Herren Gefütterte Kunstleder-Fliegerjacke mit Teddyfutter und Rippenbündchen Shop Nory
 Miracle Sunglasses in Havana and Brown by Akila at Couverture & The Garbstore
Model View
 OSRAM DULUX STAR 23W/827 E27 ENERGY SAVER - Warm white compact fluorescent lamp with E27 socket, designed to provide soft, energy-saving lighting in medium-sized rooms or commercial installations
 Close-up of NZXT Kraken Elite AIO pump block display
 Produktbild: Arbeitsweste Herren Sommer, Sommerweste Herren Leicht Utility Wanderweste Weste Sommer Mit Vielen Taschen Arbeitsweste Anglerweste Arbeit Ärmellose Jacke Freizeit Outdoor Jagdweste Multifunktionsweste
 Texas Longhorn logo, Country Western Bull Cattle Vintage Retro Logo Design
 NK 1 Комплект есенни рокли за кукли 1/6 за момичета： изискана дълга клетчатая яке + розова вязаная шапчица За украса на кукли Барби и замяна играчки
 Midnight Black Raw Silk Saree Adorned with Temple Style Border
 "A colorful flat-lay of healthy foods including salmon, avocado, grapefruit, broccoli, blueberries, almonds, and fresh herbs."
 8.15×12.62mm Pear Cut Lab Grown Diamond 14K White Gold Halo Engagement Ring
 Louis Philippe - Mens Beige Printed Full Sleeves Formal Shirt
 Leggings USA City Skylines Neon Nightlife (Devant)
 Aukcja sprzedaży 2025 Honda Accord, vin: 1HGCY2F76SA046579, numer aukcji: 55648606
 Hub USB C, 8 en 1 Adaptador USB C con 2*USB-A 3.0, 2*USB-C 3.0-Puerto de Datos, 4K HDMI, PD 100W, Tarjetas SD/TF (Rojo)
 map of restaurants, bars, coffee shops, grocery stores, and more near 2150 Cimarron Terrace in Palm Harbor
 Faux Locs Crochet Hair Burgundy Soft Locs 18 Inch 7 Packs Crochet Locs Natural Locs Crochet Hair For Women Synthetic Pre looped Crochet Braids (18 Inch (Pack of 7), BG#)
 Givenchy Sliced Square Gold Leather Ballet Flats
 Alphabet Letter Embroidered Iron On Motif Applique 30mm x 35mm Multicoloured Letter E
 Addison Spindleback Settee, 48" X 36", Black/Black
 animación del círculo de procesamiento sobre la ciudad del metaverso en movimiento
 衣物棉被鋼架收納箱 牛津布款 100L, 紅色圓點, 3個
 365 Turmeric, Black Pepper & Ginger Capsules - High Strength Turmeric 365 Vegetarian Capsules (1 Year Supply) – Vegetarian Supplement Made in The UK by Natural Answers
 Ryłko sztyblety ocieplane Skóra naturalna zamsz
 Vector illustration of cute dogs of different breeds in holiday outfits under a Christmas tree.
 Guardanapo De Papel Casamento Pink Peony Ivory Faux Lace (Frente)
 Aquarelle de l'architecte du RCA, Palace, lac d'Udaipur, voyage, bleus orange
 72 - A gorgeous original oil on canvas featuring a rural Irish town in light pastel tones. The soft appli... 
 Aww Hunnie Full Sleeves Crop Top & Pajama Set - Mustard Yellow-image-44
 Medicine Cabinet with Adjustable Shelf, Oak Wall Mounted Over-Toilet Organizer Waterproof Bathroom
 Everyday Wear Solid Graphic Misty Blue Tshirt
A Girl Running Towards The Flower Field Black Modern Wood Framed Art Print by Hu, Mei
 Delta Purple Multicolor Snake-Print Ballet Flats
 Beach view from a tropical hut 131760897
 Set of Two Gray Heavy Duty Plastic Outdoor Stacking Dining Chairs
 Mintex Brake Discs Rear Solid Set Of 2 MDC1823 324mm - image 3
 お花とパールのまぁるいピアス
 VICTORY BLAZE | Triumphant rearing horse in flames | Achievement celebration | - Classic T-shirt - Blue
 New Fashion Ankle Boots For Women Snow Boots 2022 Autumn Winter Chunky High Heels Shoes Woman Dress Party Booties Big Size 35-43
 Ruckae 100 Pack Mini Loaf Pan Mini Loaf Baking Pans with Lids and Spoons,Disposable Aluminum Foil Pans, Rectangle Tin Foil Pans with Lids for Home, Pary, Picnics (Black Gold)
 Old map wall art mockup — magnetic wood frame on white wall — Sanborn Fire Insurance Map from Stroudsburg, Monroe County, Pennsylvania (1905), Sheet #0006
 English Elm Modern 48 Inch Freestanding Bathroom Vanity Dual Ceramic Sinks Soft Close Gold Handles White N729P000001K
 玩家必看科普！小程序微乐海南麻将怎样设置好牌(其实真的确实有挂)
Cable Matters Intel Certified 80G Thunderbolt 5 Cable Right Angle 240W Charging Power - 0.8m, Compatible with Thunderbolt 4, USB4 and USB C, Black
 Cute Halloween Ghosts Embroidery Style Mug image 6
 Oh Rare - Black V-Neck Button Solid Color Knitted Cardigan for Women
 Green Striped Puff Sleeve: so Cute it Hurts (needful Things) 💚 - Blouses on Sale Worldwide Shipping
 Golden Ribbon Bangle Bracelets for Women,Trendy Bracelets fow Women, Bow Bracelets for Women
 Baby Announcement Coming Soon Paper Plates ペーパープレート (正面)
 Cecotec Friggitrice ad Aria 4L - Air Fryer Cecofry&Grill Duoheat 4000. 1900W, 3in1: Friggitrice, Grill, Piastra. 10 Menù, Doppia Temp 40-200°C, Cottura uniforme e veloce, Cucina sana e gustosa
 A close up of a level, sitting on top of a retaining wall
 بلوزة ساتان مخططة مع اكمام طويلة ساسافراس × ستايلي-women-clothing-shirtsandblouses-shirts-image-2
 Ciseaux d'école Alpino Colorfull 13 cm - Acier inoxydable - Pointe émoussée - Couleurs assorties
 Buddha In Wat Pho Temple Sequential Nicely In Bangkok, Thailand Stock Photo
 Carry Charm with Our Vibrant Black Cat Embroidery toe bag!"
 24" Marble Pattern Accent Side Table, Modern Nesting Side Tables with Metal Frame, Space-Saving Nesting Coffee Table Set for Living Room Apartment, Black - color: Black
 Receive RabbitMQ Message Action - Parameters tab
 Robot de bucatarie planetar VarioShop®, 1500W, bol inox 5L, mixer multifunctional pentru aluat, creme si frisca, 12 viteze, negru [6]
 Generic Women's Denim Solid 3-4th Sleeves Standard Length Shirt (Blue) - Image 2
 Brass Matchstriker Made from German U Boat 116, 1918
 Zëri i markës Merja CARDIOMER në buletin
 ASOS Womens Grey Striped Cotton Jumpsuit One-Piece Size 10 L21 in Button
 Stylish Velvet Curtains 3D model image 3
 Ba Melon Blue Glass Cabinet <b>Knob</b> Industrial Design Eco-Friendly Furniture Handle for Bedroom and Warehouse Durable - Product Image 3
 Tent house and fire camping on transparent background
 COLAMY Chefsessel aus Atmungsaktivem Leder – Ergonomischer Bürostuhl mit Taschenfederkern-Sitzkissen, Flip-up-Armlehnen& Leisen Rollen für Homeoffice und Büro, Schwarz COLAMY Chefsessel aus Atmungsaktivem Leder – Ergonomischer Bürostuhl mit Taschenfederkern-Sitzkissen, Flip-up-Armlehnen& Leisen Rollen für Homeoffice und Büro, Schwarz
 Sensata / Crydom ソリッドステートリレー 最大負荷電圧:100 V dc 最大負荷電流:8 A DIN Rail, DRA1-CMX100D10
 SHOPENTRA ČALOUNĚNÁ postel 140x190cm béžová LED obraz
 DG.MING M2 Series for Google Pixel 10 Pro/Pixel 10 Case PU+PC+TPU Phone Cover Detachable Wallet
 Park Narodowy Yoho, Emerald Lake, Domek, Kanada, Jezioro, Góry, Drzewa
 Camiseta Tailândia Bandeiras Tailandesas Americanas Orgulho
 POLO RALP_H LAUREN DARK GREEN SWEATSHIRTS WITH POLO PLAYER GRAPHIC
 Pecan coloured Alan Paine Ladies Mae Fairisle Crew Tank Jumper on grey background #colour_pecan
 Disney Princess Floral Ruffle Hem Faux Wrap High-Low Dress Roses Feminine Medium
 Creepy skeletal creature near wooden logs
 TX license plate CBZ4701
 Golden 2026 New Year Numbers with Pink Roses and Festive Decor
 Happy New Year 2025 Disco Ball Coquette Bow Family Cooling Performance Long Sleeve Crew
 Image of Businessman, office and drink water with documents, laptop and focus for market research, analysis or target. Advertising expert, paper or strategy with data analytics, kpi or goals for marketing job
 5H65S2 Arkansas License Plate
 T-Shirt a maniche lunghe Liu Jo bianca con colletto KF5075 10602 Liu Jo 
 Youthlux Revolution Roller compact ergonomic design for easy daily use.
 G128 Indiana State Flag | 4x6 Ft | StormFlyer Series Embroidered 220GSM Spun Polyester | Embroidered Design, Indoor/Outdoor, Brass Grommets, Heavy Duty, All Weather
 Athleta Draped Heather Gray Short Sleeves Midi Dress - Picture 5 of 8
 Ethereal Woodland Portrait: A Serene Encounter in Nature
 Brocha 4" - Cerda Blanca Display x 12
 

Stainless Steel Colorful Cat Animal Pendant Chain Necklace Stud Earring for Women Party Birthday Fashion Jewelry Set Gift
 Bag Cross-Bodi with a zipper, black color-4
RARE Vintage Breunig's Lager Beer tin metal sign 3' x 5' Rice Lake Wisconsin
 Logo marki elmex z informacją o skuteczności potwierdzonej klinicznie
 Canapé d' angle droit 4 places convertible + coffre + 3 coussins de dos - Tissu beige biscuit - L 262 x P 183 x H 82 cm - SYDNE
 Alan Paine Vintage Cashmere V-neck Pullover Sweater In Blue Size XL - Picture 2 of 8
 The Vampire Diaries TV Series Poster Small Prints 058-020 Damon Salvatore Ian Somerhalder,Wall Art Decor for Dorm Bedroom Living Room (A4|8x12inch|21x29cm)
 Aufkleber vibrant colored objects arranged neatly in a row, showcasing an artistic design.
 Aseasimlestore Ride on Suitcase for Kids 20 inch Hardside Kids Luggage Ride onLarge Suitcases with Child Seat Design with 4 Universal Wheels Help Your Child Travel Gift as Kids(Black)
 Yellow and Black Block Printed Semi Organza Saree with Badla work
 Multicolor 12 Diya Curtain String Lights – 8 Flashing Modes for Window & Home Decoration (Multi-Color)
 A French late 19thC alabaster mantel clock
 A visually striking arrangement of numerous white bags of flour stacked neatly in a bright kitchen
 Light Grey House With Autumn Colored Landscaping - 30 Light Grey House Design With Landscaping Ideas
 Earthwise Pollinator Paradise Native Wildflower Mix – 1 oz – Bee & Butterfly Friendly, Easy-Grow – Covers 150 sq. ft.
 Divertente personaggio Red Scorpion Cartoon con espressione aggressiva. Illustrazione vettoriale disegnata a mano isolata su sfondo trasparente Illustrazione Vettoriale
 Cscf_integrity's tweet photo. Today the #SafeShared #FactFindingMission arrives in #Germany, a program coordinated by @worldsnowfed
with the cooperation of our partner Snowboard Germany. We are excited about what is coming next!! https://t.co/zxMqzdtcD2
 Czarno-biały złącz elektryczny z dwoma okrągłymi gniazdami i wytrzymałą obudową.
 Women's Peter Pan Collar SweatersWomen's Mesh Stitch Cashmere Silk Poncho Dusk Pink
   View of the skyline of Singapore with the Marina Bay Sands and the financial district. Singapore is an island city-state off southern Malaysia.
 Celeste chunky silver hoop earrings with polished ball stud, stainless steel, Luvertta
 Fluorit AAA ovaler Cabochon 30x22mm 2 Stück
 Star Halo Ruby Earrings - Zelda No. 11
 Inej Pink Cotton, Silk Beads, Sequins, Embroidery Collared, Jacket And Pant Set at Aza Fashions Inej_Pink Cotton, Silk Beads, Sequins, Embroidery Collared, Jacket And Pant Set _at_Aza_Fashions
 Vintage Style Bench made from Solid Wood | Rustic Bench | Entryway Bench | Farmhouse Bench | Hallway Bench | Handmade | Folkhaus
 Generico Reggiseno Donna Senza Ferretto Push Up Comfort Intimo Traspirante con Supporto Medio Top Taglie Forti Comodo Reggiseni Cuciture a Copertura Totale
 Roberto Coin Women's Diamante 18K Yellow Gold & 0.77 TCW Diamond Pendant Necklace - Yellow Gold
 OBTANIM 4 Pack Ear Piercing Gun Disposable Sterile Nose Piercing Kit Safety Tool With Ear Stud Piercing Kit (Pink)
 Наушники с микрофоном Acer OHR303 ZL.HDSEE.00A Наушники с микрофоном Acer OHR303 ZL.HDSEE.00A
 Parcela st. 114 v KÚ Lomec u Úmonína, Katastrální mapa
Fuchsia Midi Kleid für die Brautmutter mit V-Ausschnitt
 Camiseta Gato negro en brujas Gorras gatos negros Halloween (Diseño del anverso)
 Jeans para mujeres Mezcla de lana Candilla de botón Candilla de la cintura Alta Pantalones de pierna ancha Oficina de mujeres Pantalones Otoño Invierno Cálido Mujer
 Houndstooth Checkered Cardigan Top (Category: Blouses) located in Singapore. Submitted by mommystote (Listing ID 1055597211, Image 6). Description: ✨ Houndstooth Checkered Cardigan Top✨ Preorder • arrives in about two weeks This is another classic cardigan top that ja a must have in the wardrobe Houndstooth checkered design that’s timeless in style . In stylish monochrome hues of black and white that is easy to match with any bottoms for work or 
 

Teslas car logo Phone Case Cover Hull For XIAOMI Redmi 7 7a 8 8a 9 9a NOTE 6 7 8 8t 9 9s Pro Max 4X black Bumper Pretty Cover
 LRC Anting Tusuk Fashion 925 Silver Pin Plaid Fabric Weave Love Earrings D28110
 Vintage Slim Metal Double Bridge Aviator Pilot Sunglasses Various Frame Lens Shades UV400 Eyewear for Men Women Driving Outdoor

* WORK INSTRUCTIONS
Since only part of the listing is wanted, copy exactly the lines from the one holding "5H65S2 Arkansas License Plate" to the one holding "Yellow and Black", both included.

* RESULT OF THE EXERCISE
 5H65S2 Arkansas License Plate
 T-Shirt a maniche lunghe Liu Jo bianca con colletto KF5075 10602 Liu Jo 
 Youthlux Revolution Roller compact ergonomic design for easy daily use.
 G128 Indiana State Flag | 4x6 Ft | StormFlyer Series Embroidered 220GSM Spun Polyester | Embroidered Design, Indoor/Outdoor, Brass Grommets, Heavy Duty, All Weather
 Athleta Draped Heather Gray Short Sleeves Midi Dress - Picture 5 of 8
 Ethereal Woodland Portrait: A Serene Encounter in Nature
 Brocha 4" - Cerda Blanca Display x 12
 

Stainless Steel Colorful Cat Animal Pendant Chain Necklace Stud Earring for Women Party Birthday Fashion Jewelry Set Gift
 Bag Cross-Bodi with a zipper, black color-4
RARE Vintage Breunig's Lager Beer tin metal sign 3' x 5' Rice Lake Wisconsin
 Logo marki elmex z informacją o skuteczności potwierdzonej klinicznie
 Canapé d' angle droit 4 places convertible + coffre + 3 coussins de dos - Tissu beige biscuit - L 262 x P 183 x H 82 cm - SYDNE
 Alan Paine Vintage Cashmere V-neck Pullover Sweater In Blue Size XL - Picture 2 of 8
 The Vampire Diaries TV Series Poster Small Prints 058-020 Damon Salvatore Ian Somerhalder,Wall Art Decor for Dorm Bedroom Living Room (A4|8x12inch|21x29cm)
 Aufkleber vibrant colored objects arranged neatly in a row, showcasing an artistic design.
 Aseasimlestore Ride on Suitcase for Kids 20 inch Hardside Kids Luggage Ride onLarge Suitcases with Child Seat Design with 4 Universal Wheels Help Your Child Travel Gift as Kids(Black)
 Yellow and Black Block Printed Semi Organza Saree with Badla work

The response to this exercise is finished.